What to work on:
All lines in the records below from the line with "Bronze Leather Clutch/" through the line with "Speed boat, Larson Falls Flyer, fiberglass, c.195: Speed" are to be given again exactly, both ends included; the pictures are to be left out.

Provided material:
▬▬▬▬▬▬▬▬▬▬

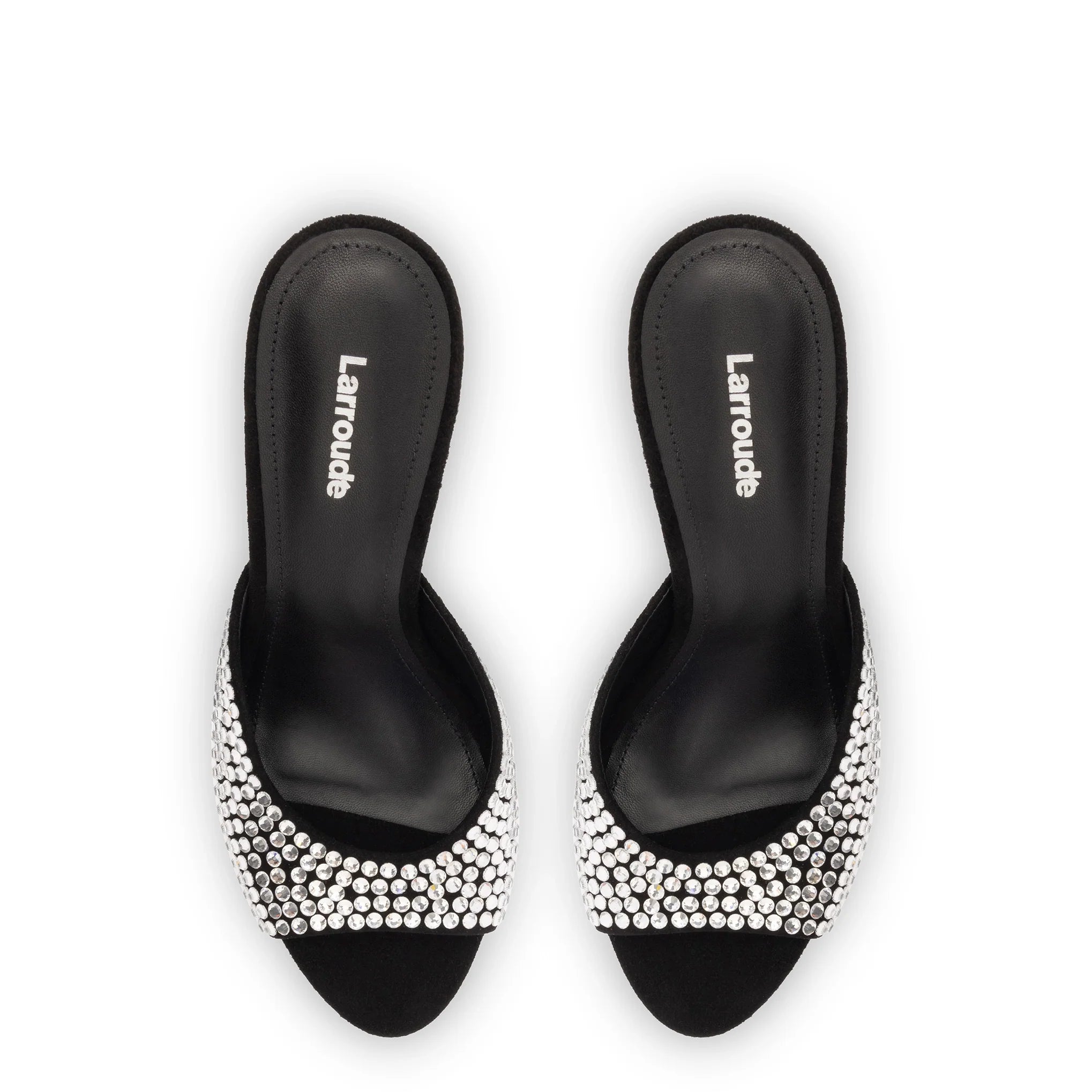 Larroude Jasmine Hi Mule In Black Suede And Crystals
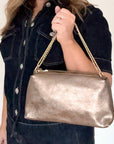 Bronze Leather Clutch/ Shoulder/ Crossbody Bag with Chain Strap & Leather Crossbody Strap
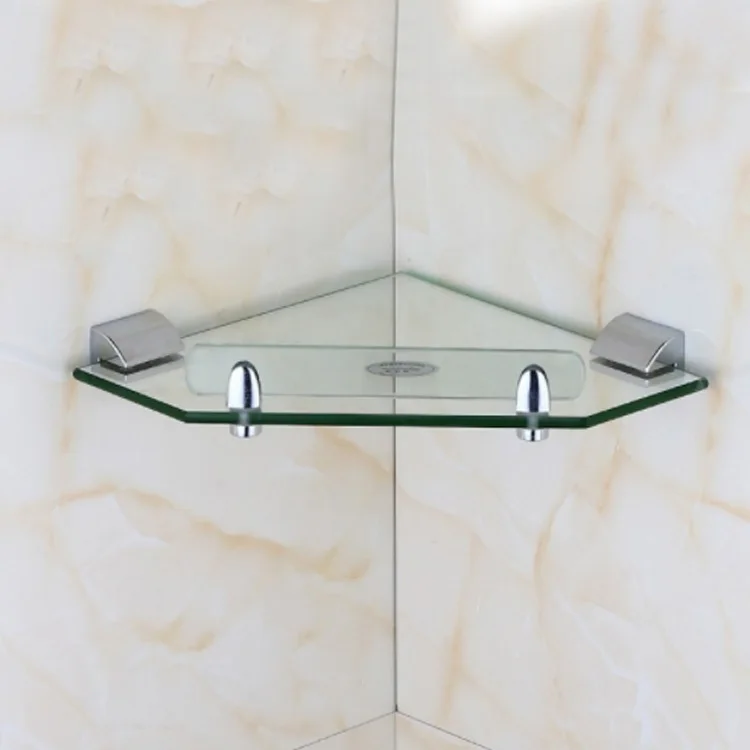 Bathroom Accessories glass corner shelves Wall Mounted shower Dual glass shelf for bathroom
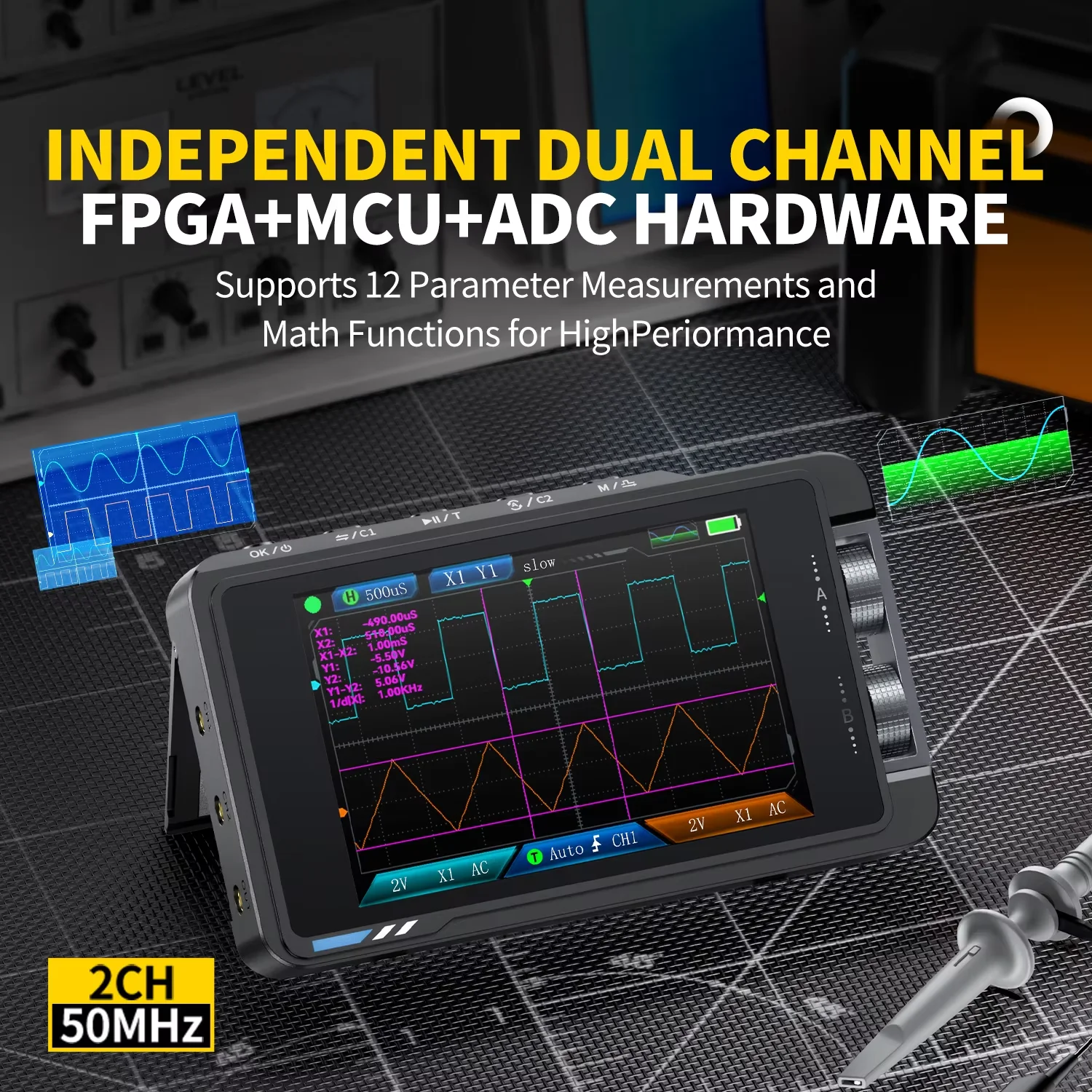 FNIRSI DS215H ออสซิลโลสโคปดิจิ - Fnirsi Digital Oscilloscope Handheld บทวิจารณ์และราคา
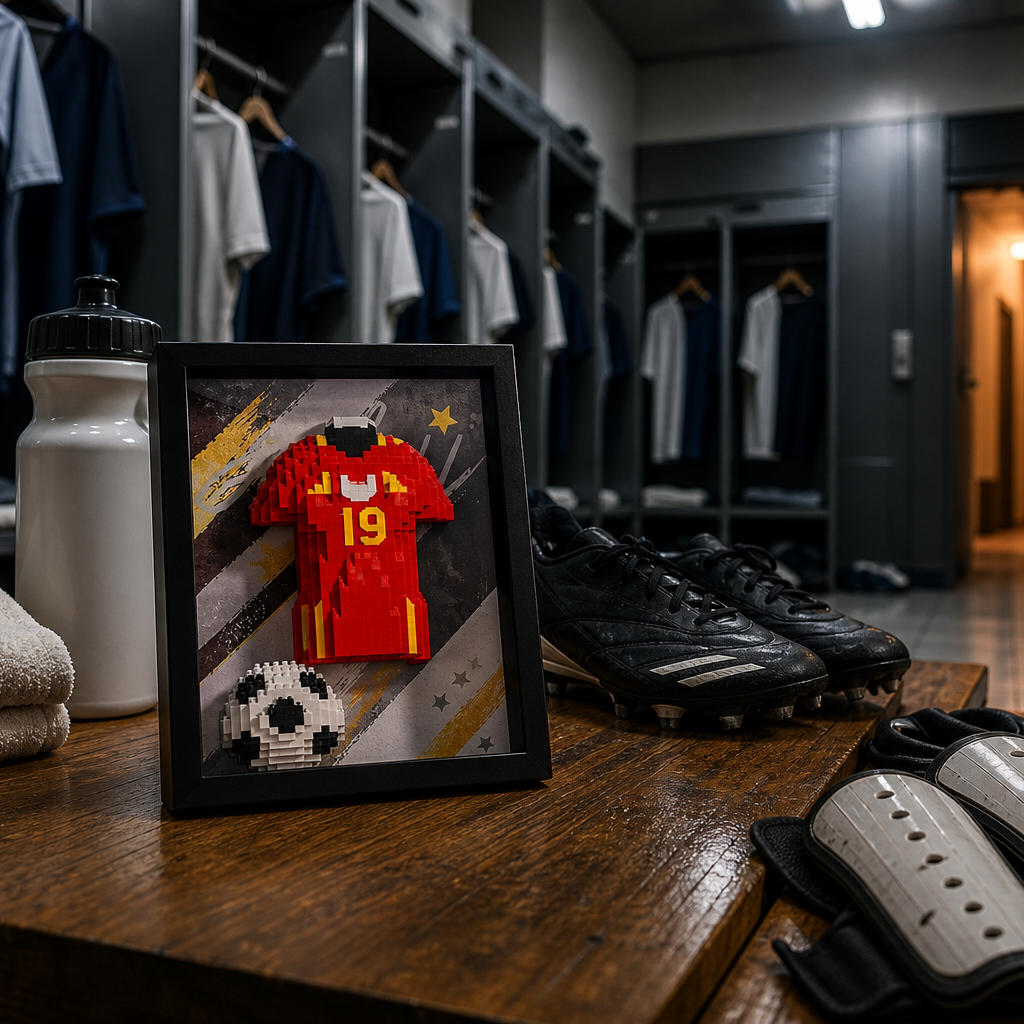 Porta-Retrato Camisa Futebol Vermelha N19 em vestiario de futebol profissional - Brics Craft 20260605-014205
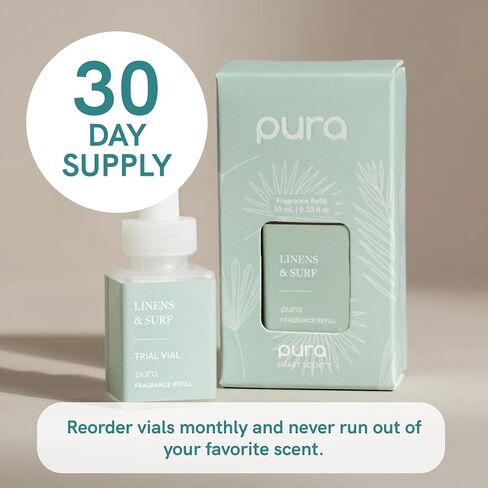 Pura Smart Home Air Diffuser Fragrance - Smart Scent Refill - Up to 120-Hours of Premium Fragrance per Refill for Home, Office & Apartment - 4 Pack, Linens & Surf in Kuwait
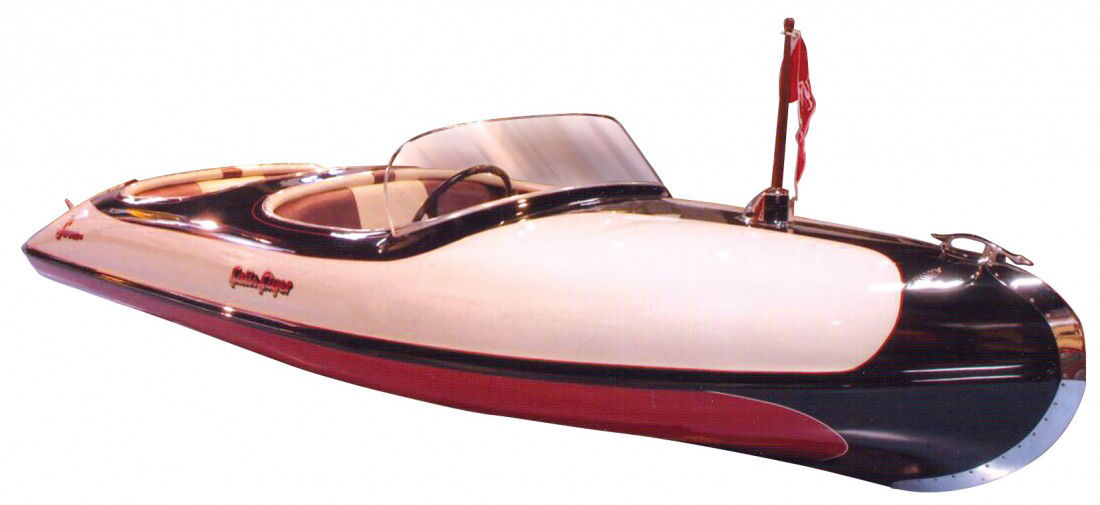 Speed boat, Larson Falls Flyer, fiberglass, c.195: Speed boat, Larson Falls Flyer, fiberglass, c.1956, 14 ft. Exc restored cond. A classy speed boat w/a Johnson Javelin 30HP motor in Exc restored cond.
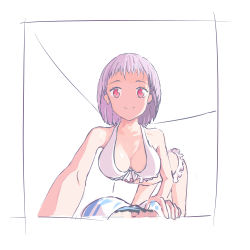 Rule 34 | 10s, 2girls, absurdres, bent over, bikini, grabbing another&#039;s breast, breasts, cleavage, girl on top, grabbing, gridman universe, highres, looking at another, medium breasts, multiple girls, shinjou akane, ssss.gridman, swimsuit, takarada rikka, yuri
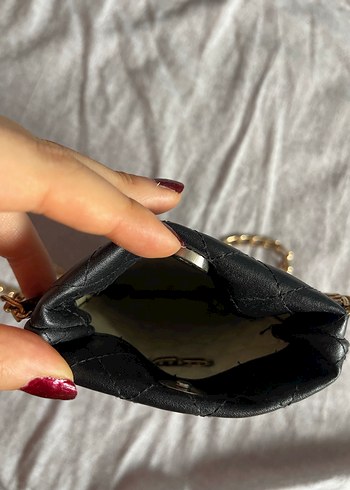 Siyah Deri Zincir Detaylı Kadın Çanta - Görsel 3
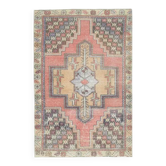 Tapis vintage turc Oushak fait à la main en laine et coton rose 106x167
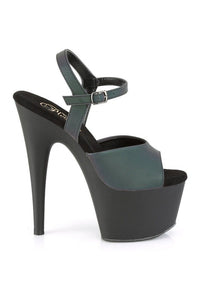 Pleaser ADORE-709REFL Exotic Platform Sandal in Black Faux Leather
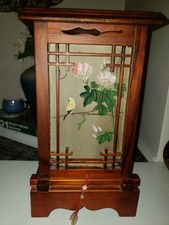 Vintage Oriental Korean Style Carved Wood Art Lamp with 2 different light colors picture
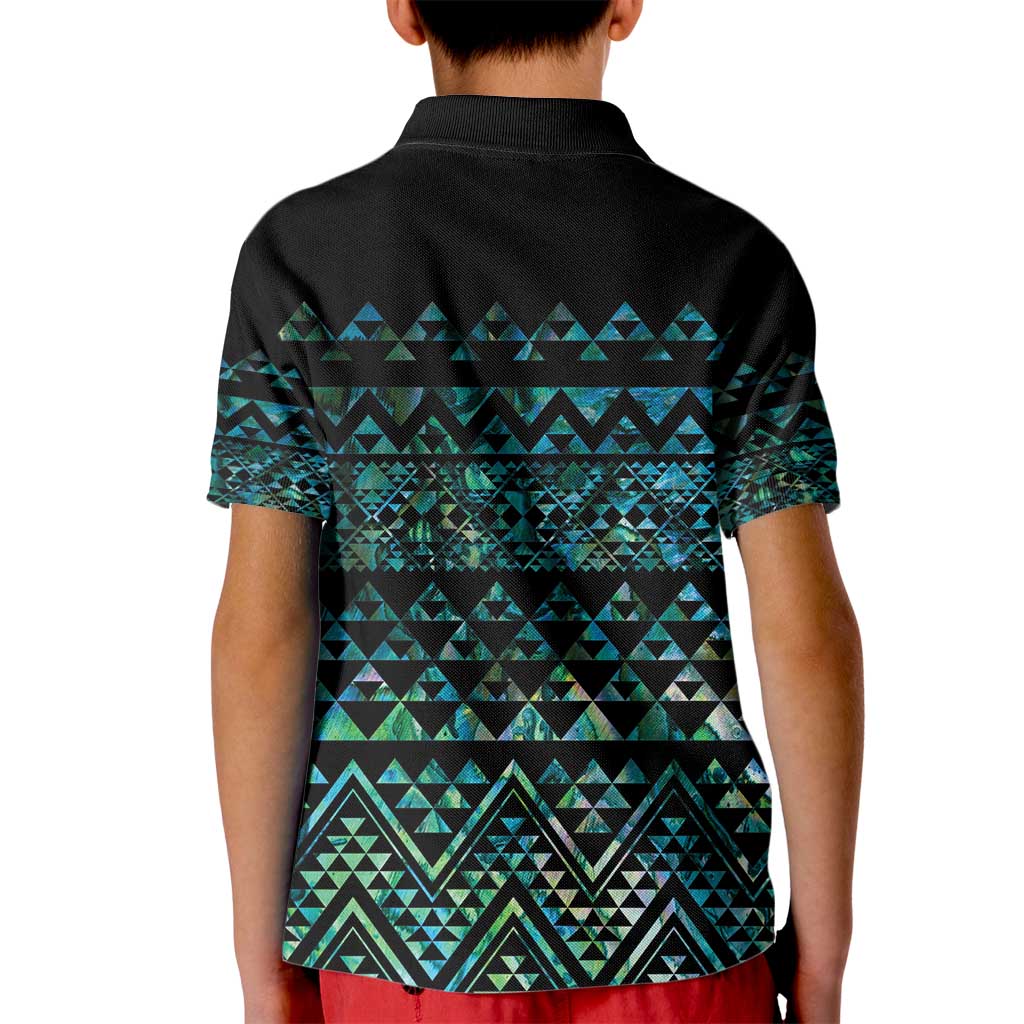 Maori Niho Taniwha Te Wheiao Kid Polo Shirt Paua Shell LT7 - Polynesian Pride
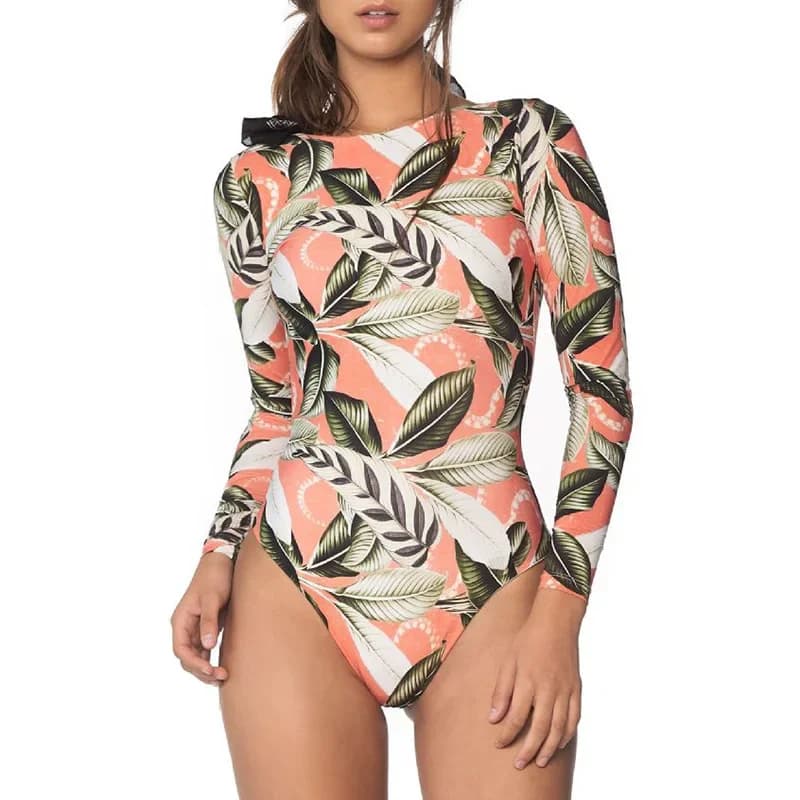 Costume da bagno intero da donna 2024 bikini con stampa floreale maniche lunghe Rash Guard surf monokini costume da bagno da spiaggia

▬▬▬▬▬▬▬▬▬▬

Result of this task:
 Bronze Leather Clutch/ Shoulder/ Crossbody Bag with Chain Strap & Leather Crossbody Strap
 Bathroom Accessories glass corner shelves Wall Mounted shower Dual glass shelf for bathroom
 FNIRSI DS215H ออสซิลโลสโคปดิจิ - Fnirsi Digital Oscilloscope Handheld บทวิจารณ์และราคา
 Porta-Retrato Camisa Futebol Vermelha N19 em vestiario de futebol profissional - Brics Craft 20260605-014205
 Pura Smart Home Air Diffuser Fragrance - Smart Scent Refill - Up to 120-Hours of Premium Fragrance per Refill for Home, Office & Apartment - 4 Pack, Linens & Surf in Kuwait
 Speed boat, Larson Falls Flyer, fiberglass, c.195: Speed boat, Larson Falls Flyer, fiberglass, c.1956, 14 ft. Exc restored cond. A classy speed boat w/a Johnson Javelin 30HP motor in Exc restored cond.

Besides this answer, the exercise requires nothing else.